Amendment 1

Results
| Choice | Votes | % |
| Yes | 409,174 | 58.35% |
| No | 292,040 | 41.65% |
| Valid votes | 701,214 | 100.00% |
| Invalid or blank votes | 0 | 0.00% |
| Total votes | 701,214 | 100.00% |
| For 70%–80% 60%–70% 50%–60% | Against 70%–80% 60%–70% 50%–60% |

= Poundstone Amendment =

Ballot measure in Colorado

The Poundstone Amendment is an amendment to the Colorado Constitution enacted in 1974 concerning county annexations. The ballot initiative was drafted by Freda Poundstone, a Colorado politician and lobbyist who opposed the efforts of Denver to absorb surrounding municipalities.
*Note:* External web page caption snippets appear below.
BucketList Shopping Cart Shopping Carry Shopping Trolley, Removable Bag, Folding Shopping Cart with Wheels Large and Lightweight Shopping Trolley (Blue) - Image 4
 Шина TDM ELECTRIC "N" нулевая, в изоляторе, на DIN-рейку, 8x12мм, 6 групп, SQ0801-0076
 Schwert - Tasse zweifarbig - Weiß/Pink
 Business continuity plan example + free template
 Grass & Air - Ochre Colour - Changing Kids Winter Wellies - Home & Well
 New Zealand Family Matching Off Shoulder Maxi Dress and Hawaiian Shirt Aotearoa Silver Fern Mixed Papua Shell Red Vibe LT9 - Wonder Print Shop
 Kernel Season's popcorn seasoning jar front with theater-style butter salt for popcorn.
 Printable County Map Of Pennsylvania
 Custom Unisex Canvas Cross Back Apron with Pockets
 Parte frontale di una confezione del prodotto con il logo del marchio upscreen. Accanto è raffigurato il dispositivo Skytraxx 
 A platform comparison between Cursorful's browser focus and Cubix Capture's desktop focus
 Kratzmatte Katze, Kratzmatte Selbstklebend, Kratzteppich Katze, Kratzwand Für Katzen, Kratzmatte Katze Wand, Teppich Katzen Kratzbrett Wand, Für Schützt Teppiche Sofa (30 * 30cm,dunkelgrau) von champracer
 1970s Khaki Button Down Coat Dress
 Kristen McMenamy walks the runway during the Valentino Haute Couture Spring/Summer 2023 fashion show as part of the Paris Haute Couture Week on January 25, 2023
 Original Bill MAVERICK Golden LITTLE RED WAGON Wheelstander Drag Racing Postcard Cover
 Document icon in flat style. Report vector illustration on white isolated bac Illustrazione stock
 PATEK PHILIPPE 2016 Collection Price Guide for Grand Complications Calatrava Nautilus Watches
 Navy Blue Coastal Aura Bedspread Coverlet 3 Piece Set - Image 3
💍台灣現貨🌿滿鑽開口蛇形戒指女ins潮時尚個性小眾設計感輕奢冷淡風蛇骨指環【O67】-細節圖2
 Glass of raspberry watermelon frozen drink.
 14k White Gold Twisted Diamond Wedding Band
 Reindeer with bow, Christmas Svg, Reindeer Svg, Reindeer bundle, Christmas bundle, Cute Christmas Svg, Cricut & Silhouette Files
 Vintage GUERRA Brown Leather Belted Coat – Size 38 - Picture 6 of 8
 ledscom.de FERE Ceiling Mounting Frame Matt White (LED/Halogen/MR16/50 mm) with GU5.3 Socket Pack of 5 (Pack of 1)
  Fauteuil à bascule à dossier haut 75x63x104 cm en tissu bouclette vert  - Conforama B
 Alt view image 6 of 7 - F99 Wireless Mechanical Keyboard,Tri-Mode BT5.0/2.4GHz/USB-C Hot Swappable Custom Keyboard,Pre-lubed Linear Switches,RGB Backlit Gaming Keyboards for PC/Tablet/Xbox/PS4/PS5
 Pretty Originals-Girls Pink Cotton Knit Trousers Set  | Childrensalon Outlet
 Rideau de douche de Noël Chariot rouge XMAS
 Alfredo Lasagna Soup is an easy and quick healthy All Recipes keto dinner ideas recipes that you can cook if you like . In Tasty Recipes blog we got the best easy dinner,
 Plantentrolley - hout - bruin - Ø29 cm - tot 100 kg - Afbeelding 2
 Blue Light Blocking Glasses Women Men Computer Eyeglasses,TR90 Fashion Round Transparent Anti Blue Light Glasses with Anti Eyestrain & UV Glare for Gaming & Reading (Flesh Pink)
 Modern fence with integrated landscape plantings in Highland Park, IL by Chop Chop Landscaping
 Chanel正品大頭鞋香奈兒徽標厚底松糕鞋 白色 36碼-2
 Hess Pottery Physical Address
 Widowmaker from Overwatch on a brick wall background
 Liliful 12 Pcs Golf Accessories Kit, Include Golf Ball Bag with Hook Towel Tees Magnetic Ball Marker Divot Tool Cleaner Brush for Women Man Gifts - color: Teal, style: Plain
Supporters claimed the amendment would prevent Denver from abusing its status and size, while detractors pointed out that it greatly limited the ability of the city to absorb other school districts and thus end segregation in its schools.

==Ballot initiative==
=== Title===
An act to amend Articles XIV and XX of the Constitution of the State of Colorado, concerning the annexation of property by a County or City and County, and prohibiting the striking off of any territory from a County without first submitting the question to a vote of the qualified electors of the County and without an affirmative vote of the majority of those electors.

===Text===

Provisions of the Proposed Constitutional Amendment

The proposed amendment to the State Constitution would:

1. Delete from the constitution the present requirement that annexation proceedings of the City and County of Denver be conducted under the general annexation laws applicable to all municipalities in the state ("The Municipal Annexation Act of 1965").
2. Require that annexation proceedings of the City and County of Denver be conducted under the general annexation and consolidation statutes applicable to the other 62 counties in the state.
3. Permit the General Assembly, by law, to revise procedures for changing all county boundaries, including those of the City and County of Denver, and thereby eliminate the constitutional requirement of a vote by the qualified electors of those counties from which territory is proposed to be stricken.

==Election results==
Passed by 409,174 votes (58.4%) to 292,040 votes (41.6%).